FIG. 9 is a cross-sectional view taken along the D-D line in FIG. 8A illustrating Modification 1.

In Modification 1 of the third embodiment, as illustrated in FIG. 9, the damper substrate 304 has the atmospheric communication ports 306 formed therein and is formed to be larger than the nozzle substrate 201, the actuator substrate 202, and the channel substrate 203. As the atmospheric communication ports 306, holes are formed at the opposite ends of the damper film 300 in the X direction so as to communicate with the atmosphere. This enables the liquid ejection head to maintain desired damper performance even in a case where its ambient environment changes.

Also, in a case of removing droplets attached to the ejection surface 5 with a wiper, using this modification will prevent the wiper from touching the atmospheric communication ports 306, which provides an advantageous effect of keeping the droplets from entering the atmospheric communication ports 306.

FIG. 10 is a cross-sectional view taken along the D-D line in FIG. 8A illustrating Modification 2.

In Modification 2 as a further modification of the third embodiment, as illustrated in FIG. 10, the damper substrate 304 has the atmospheric communication ports 306 formed therein, and also the atmospheric communication openings 307 are formed at the opposite ends of the channel substrate 203 at the same position as the common channels 13 in the Z direction so as to communicate with the atmospheric communication ports 306. This enables the liquid ejection head to maintain desired damper performance even in a case where its ambient environment changes.

The atmospheric communication openings 307 are formed at the same position in the Z direction as the common channels 13 to the same depth in the Z direction. Thus, the atmospheric communication openings 307 can be made in a single collective operation of processing the channel substrate 203. The width of the atmospheric communication openings 307 in the Y direction in FIG. 10 may be made smaller than the width of the damper chambers 301 as in FIG. 7A to make it difficult for foreign substances such as dust to enter the atmospheric communication openings 307 from the outside.

As described above, the damper structures are provided in the surface on the opposite side from the ejection surface, and the atmospheric communication ports are provided in the same direction as the ejection surface.
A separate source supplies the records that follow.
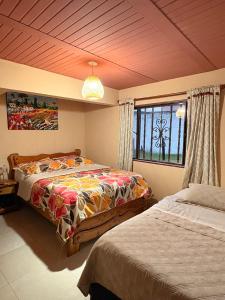 a bedroom with two beds and a window at Hotel Casa Grande in Tibirita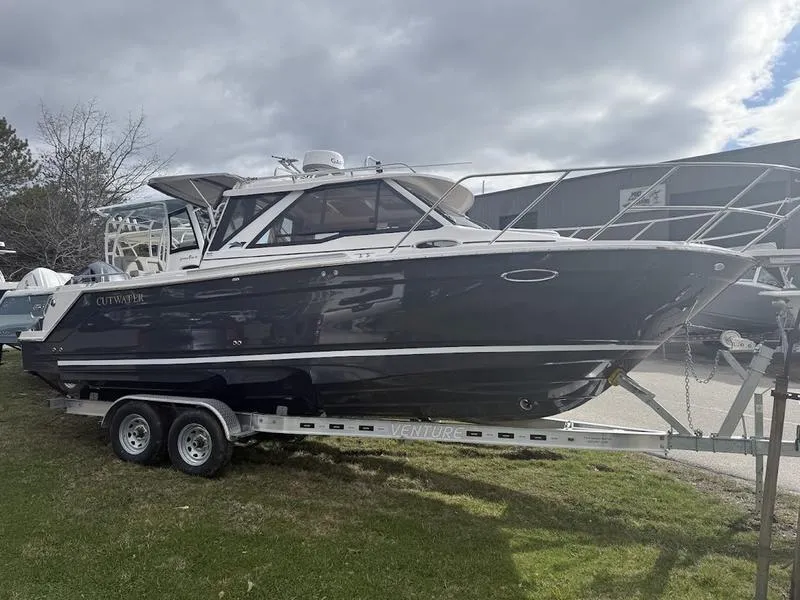 Slide: The Image of 2025 Cutwater C-248 C Coupe boat on trailer, parked outdoors under cloudy sky. - 3
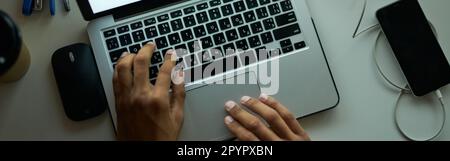 Lunghe ore di lavoro. Vista dall'alto dello spazio di lavoro di un giovane ragazzo che lavora su un computer portatile, seduto al tavolo in una stanza buia a tarda notte Foto Stock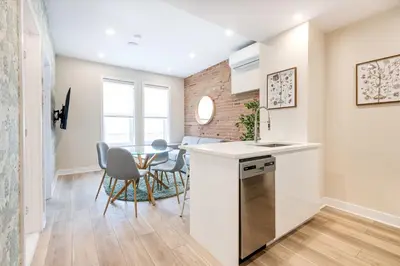 a kitchen and dining room with a table and chairs at Mont Royal Suites - M11 in Montréal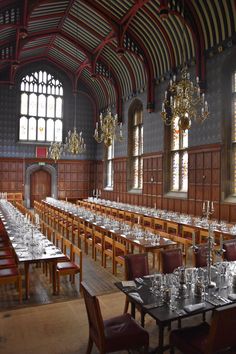 an empty dining hall with long tables and chandeliers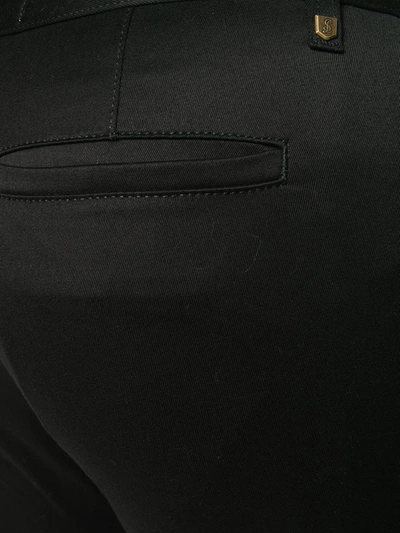 Shop Saint Laurent Skinny Fit Trousers In Black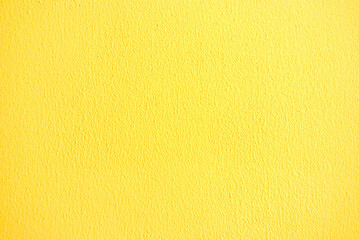 Naklejka premium Yellow stucco wall texture background with fine plaster surface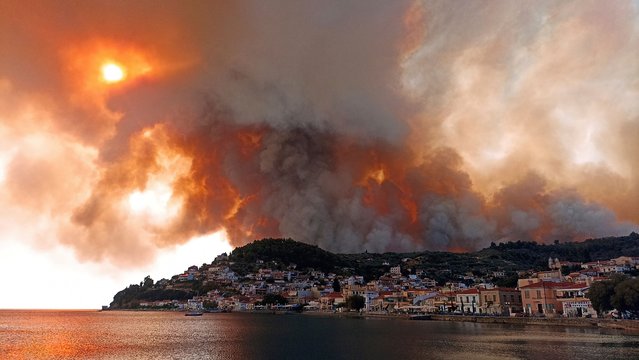 Flames burn on the mountain near Limni village on the island of Evia, about 160 kilometers (100 miles) north of Athens, Greece, Tuesday, August 3, 2021. Greece Tuesday grappled with the worst heatwave in decades that strained the national power supply and fueled wildfires near Athens and elsewhere in southern Greece. As the heat wave scorching the eastern Mediterranean intensified, temperatures reached 42 degrees Celsius (107.6 Fahrenheit) in parts of the Greek capital. (Photo by Michael Pappas/AP Photo)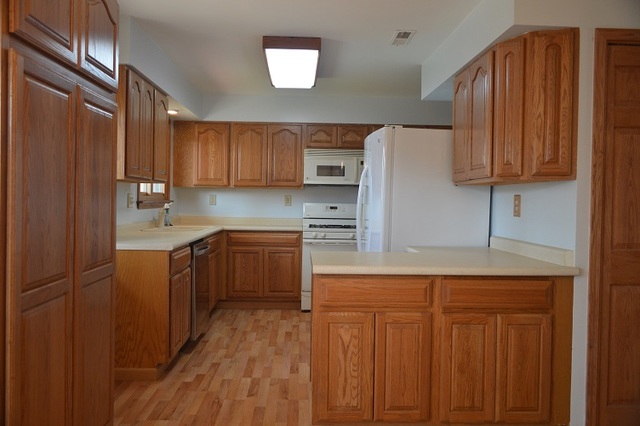 7 East Oltendorf Road Streamwood, IL 60107 - Photo 2 of 17 a kitchen with a refrigerator sink and cabinets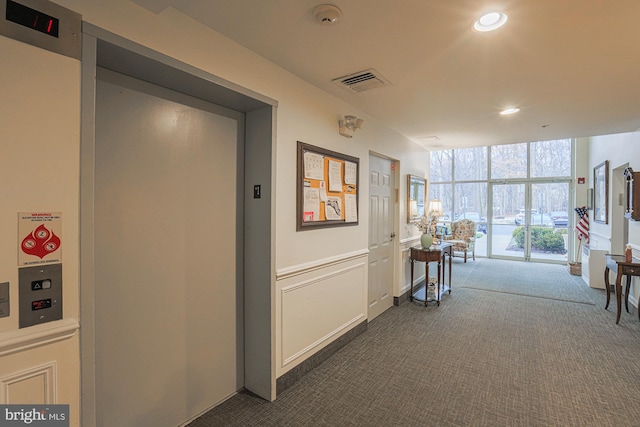 corridor with expansive windows, elevator, and dark colored carpet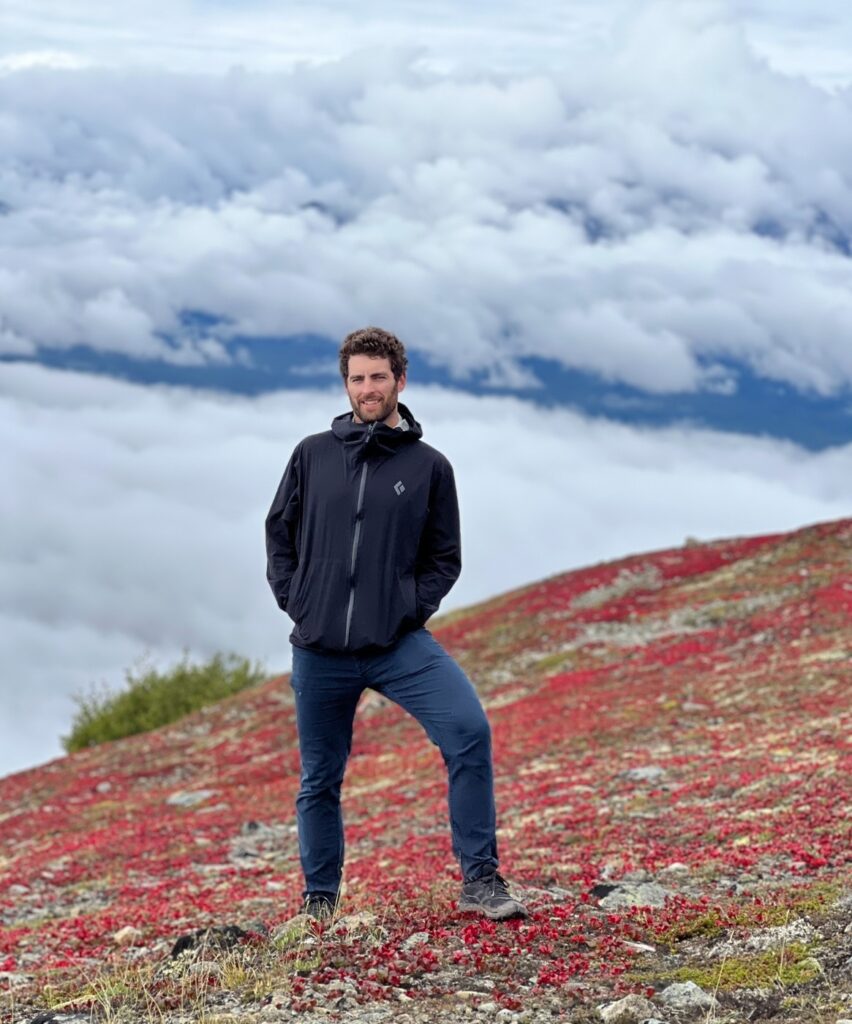 Tyler Tafelsky, freelance PPC consultant, standing on a mountain top in Alaska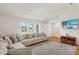 Bright living room featuring hardwood floors and large windows and a comfortable sectional couch at 19897 Midway Blvd, Port Charlotte, FL 33948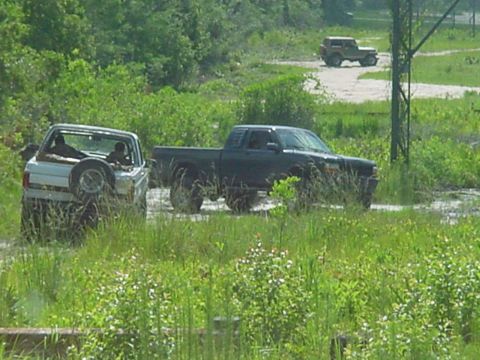 1986 Ford Bronco - Several vehicles navigate a muddy terrain surrounded by lush greenery, with one vehicle in the distance.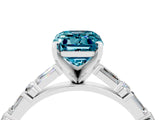 White gold Emerald Cut Blue Topaz Solitaire with Side Baguettes and Channel Set Band_4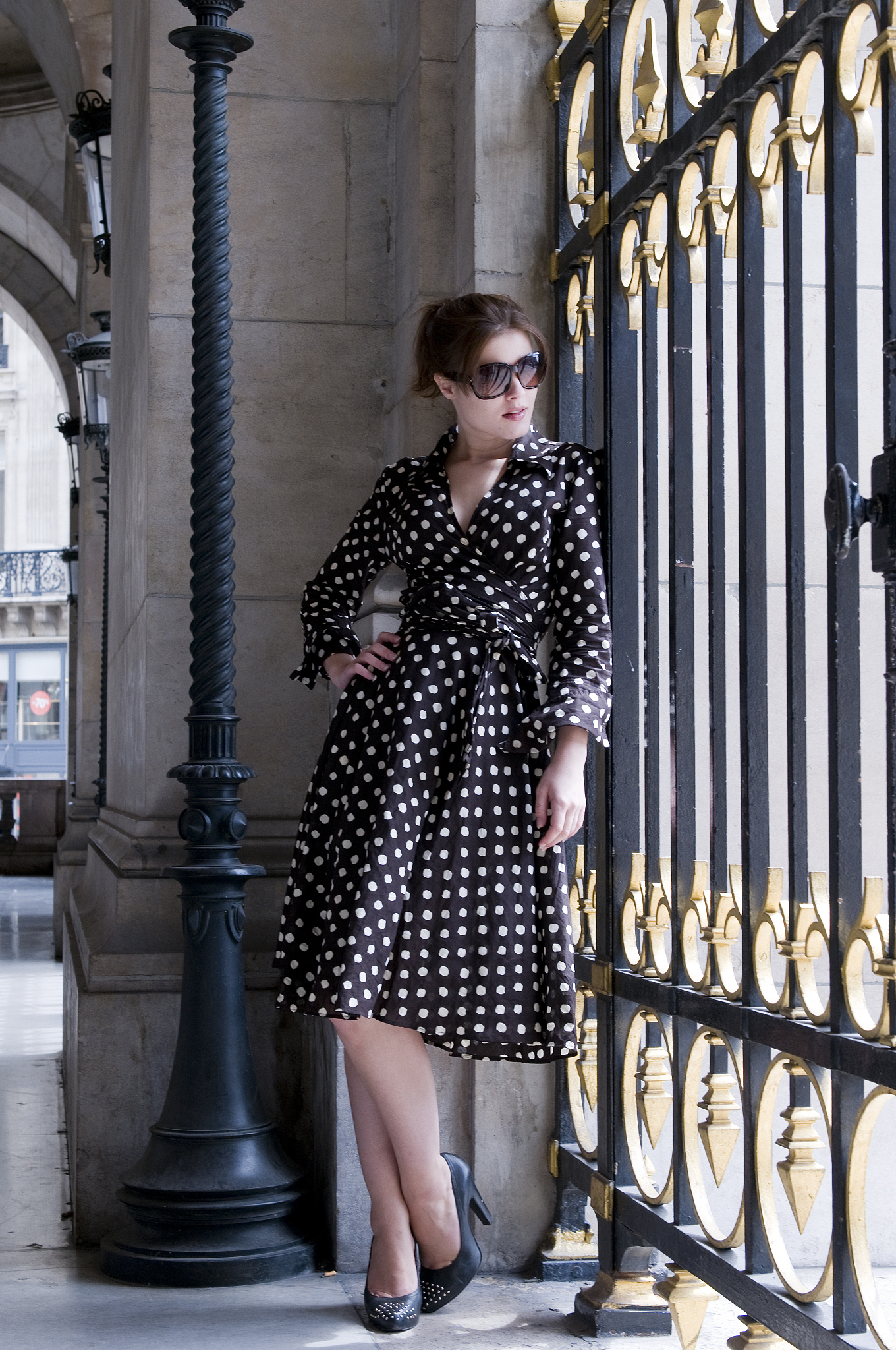 young woman looking through gate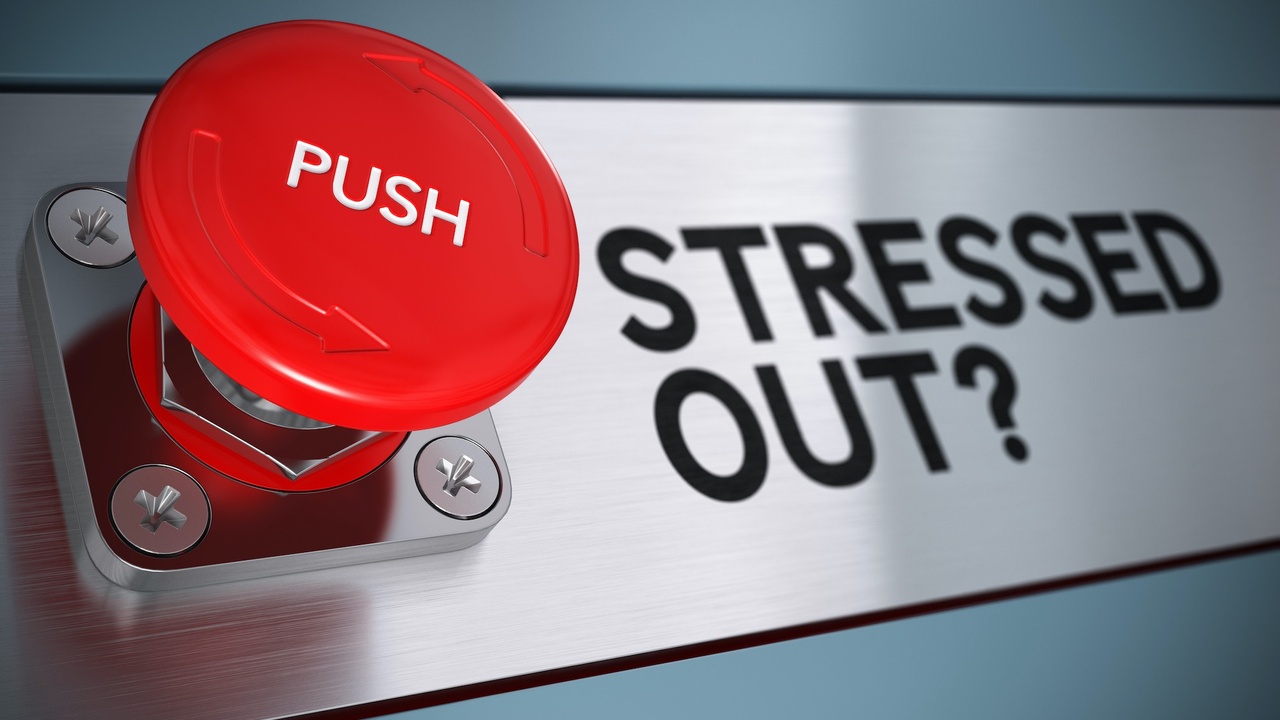 Stressed out text with urgency push button with blur effect, Concept for stress management.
This enables the liquid ejection head to maintain desired damper performance even in a case where its ambient environment changes, and also to improve the strength of adhesion to the members for supplying and collecting the liquid to and from the common openings 15.

Fourth Embodiment

A fourth embodiment of the present disclosure will now be described. Descriptions of the basic configurations in the present disclosure and the same functions and components as those in the first embodiment will be omitted, and differences will be described.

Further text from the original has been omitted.